At the moment, very few php books come close in trying to actually present the language as a real contender for serious and professional web development. This book attempts just that.
PHP has come a long way since its inception, but the teaching material has not really caught up and the community is still pestered with bad code, architecture and practice. This book is an eye opener as it presents php for what it can be: a convenient and flexible tool that, in the right hands, can tough up and allow a programmer to get work done efficiently. It's not to say that php can do everything, but before you blame it as the root of all evil, you should definitely understand how you, the programmer, can work at improving the quality of your code. This text offers some insight into tried and true practices, usually well established in other more mature communities.
There are 3 parts:
The Objects part is a nice introduction to many goodies in the new PHP5 object model (the whole thing is php5 centric).
Some of the topics covered in the section matter more than others imo, since in your practice you'll encounter and will definitely draw some values from them. So pay particular attention to: Autoloading, Exception handling, magic methods, namespaces, reflection.
Because PHP is still a language in search for an identity, it borrows features and coding styles from other languages. Despite the fact that the two are fundamentally very different, Java has heavily influenced PHP's OO design and syntax. However, some of the PHP reimplementation just ended up being "simili" stuff, rather than the real thing. That is, it has the Java flavor, but doesn't actually carry any caffeine. Unfortunately, the book doesn't dig into those details and just serves the Kool-Aid as is.
Another complaint is that you are shown many tools and how they work, but there is very little depth on how and when to use them. Java and Python programmers borrowing PHP for a project might have an easier time translating this knowledge into actual practice, since their community would have likely previously exposed them to the concepts these tools were meant for.

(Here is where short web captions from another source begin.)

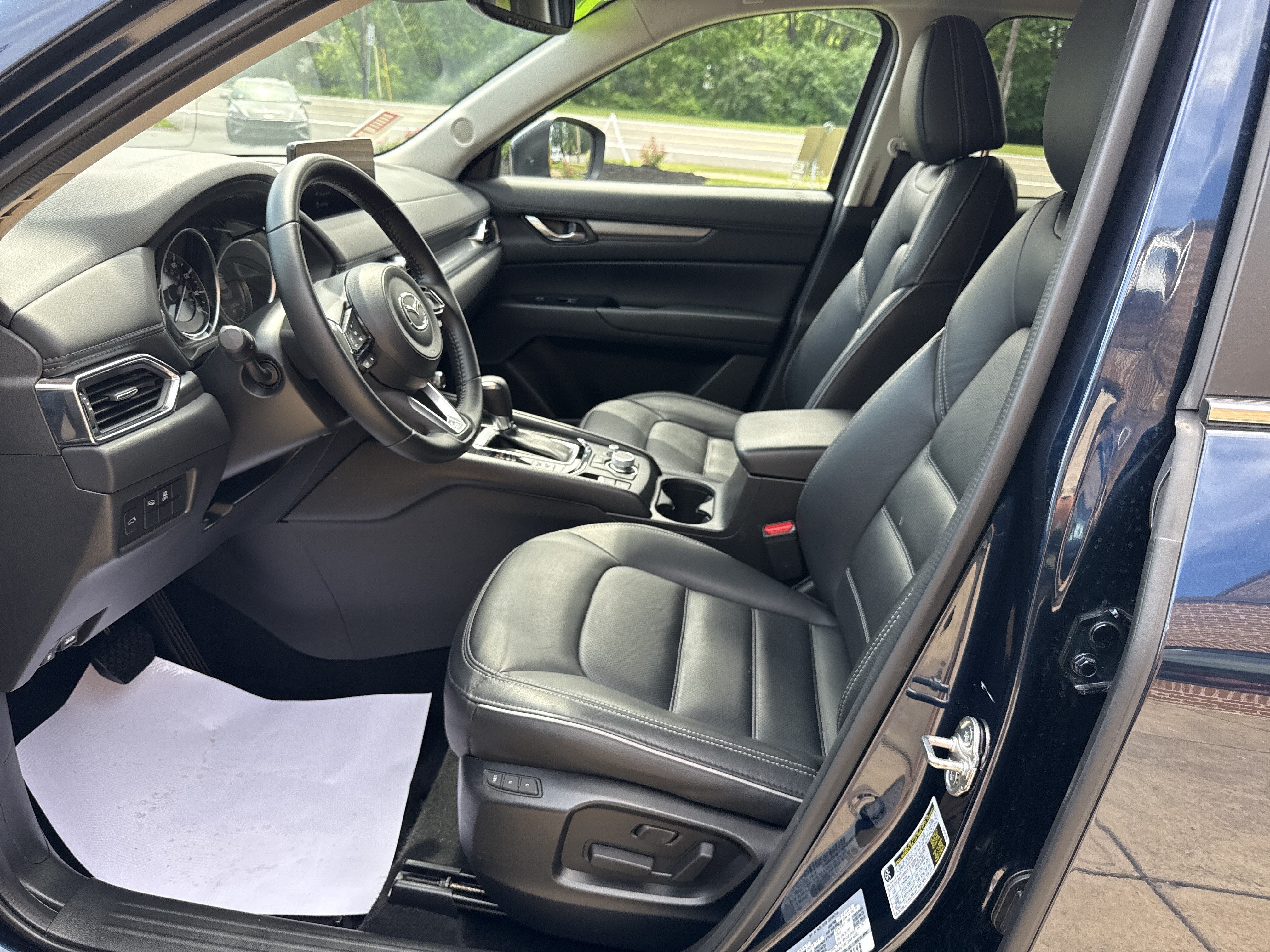 2025 Mazda Mazda CX-5 2.5 S Preferred Package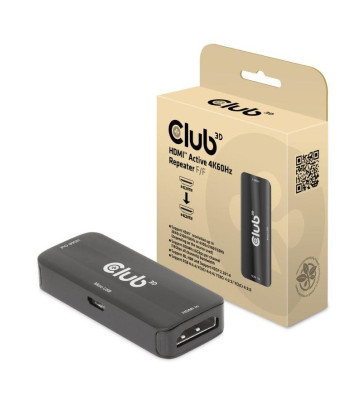 I/O ADAPTER HDMI TO USB/F/F CAC-1307 CLUB3D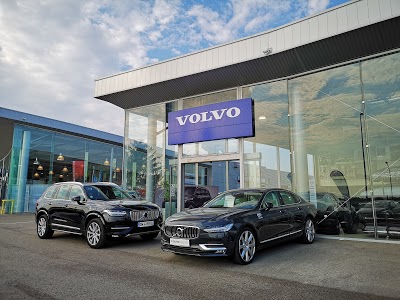 Volvo Troyes - Groupe Amplitude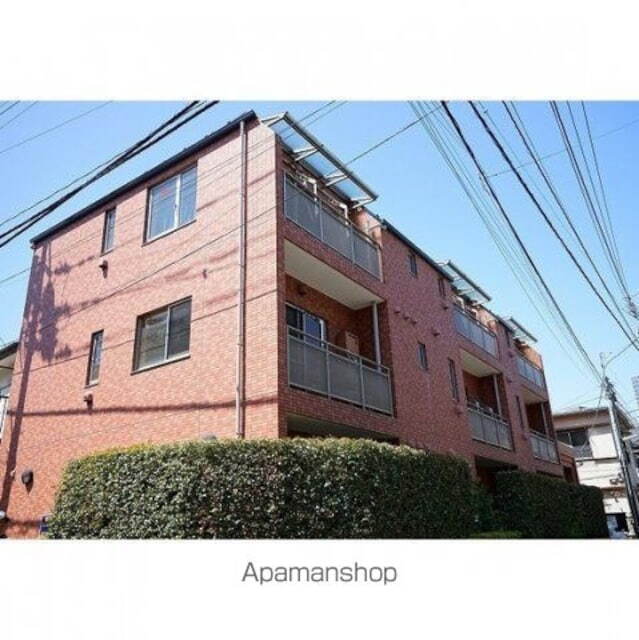 東京都新宿区西新宿５丁目 賃貸マンション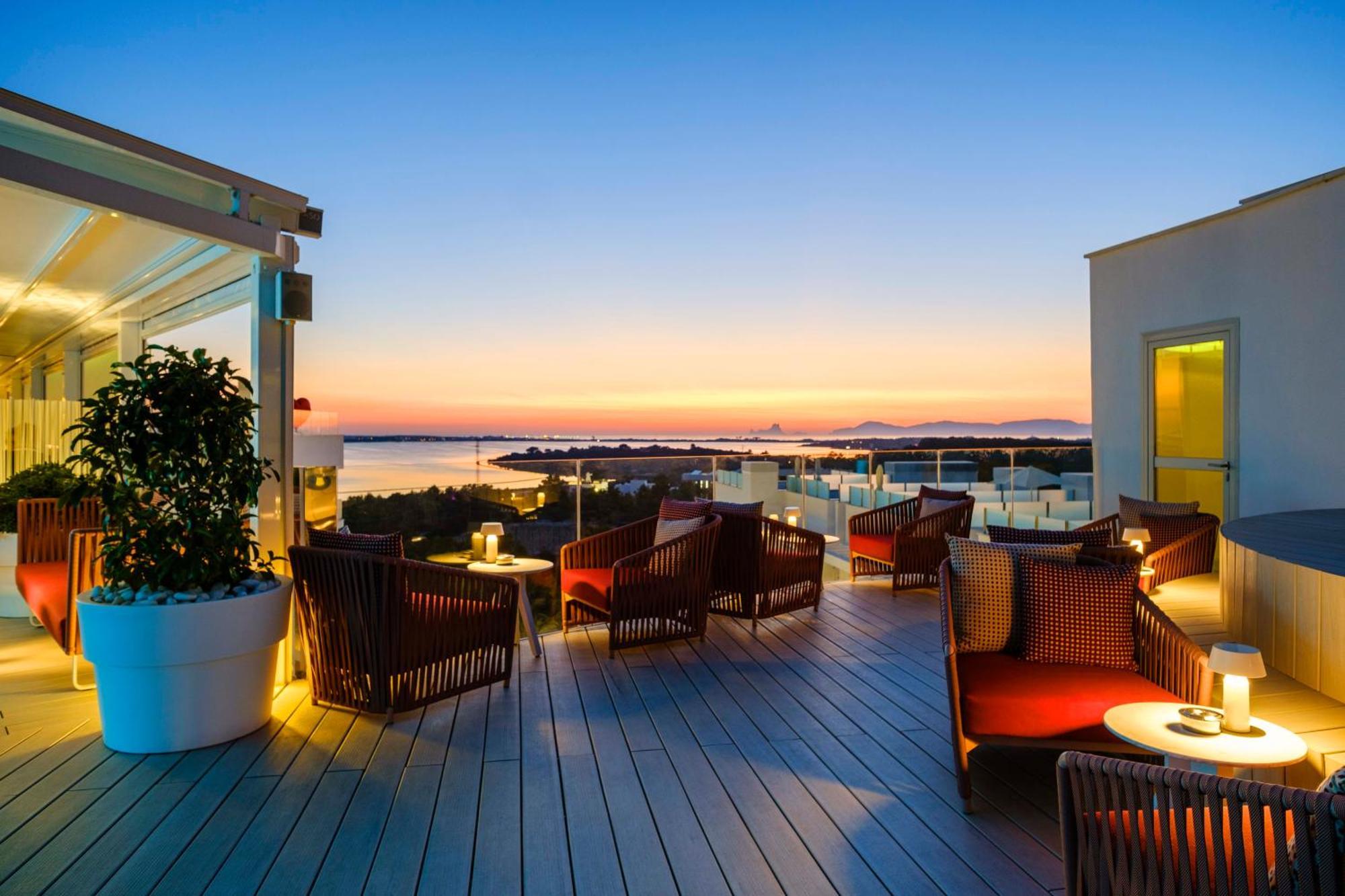 Five Flowers Hotel Formentera, Member Of Melia Collection Es Pujols Eksteriør bilde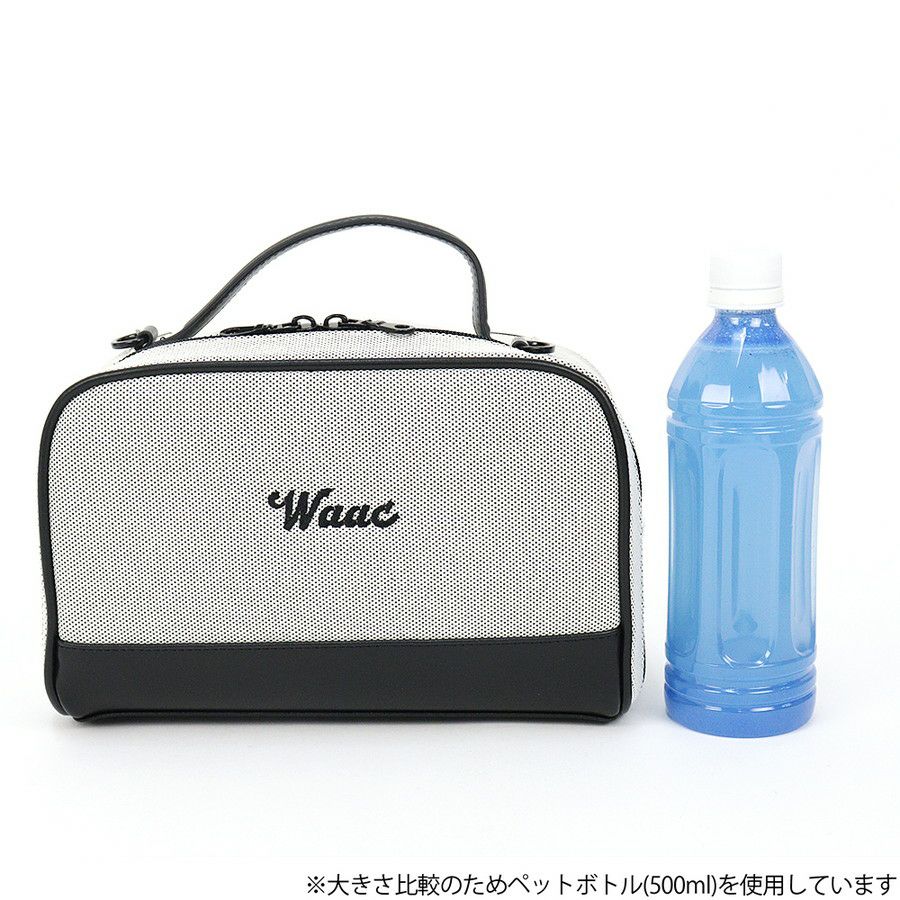 ワック日本正規品のカートバッグ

If I had to pick one particular topic that I felt was lacking from the Objects section, it would be an intro to the SPL. Look for it.
[aside]
If you would allow me some personal and opinionated advices (be forewarned that a lot of these go against the current dogma in PHP):
- private/protected/public: it's definitely useful to understand the _idea_ behind having a public and a private programming interface, but it's a bit of a fallacy to enforce this with actual language constructs in a just-in-time technology like PHP. It doesn't provide much benefits to the interpreter, who are we then "protecting" the code from exactly, the programmer? When other concepts like inheritance get involved, things get even more cumbersome. An alternative approach is to leave everything public and then follow the widely adopted _convention_ to prefix what is considered private with an underscore. Programmers using your API will get a hint that the $_purifyiedData property was probably not meant to be directly accessed, but in case they decide to transgress that rule, they can. If you still insist on enforcing visibility though, then only use the protected and public keywords, forget private altogether.
- inheritance: learn how it works, but most importantly, learn when to avoid it and remember to strive for "Composition over Inheritance" (see Patterns section).

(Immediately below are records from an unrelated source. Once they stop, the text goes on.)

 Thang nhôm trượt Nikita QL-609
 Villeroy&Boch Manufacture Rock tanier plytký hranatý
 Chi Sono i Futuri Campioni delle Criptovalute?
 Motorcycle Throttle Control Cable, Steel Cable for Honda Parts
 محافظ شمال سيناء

- interfaces: Learn about type-checking and type-hinting and use interfaces for that purpose specifically. You can declare constants within your interfaces, but I'd recommend against also declaring methods in them. It will only constrain your APIs, since PHP doesn't allow method overloading. Another route altogether would be to simply stop relying on interfaces and type-hinting and adopt 'duck-typing', an approach more natural to dynamically-typed languages such as Python, Ruby and I dare to say, PHP.
[/aside]
The next section of the book is on Patterns. It's not so much about PHP than it is an attempt at making a less crappy programmer out of YOU. If you're relatively new to programming and you've chosen PHP to make your first steps, please read this section of the book, for the sake of minimizing the damage you certainly will do. This is an intro to better code organization and to the world of design patterns as they can be applied to php. If you've heard of such things as Singleton, Observer, Registry, Controller, MVC and are still scratching your head, this could apply to you to.
The Practice section was a bit of a let down. If the author cares for some suggestions:
- forget CVS: there are currently a number of popular and very good open source SCMs, Git and Mercurial currently leading the pack. At the very least, teach the increasingly outdated SVN, but this book would actually gain some value if you only just mentioned the concept of revision control, without naming CVS.
- forget PEAR: instead have a chapter on frameworks, which nicely ties up with what the book tries to teach.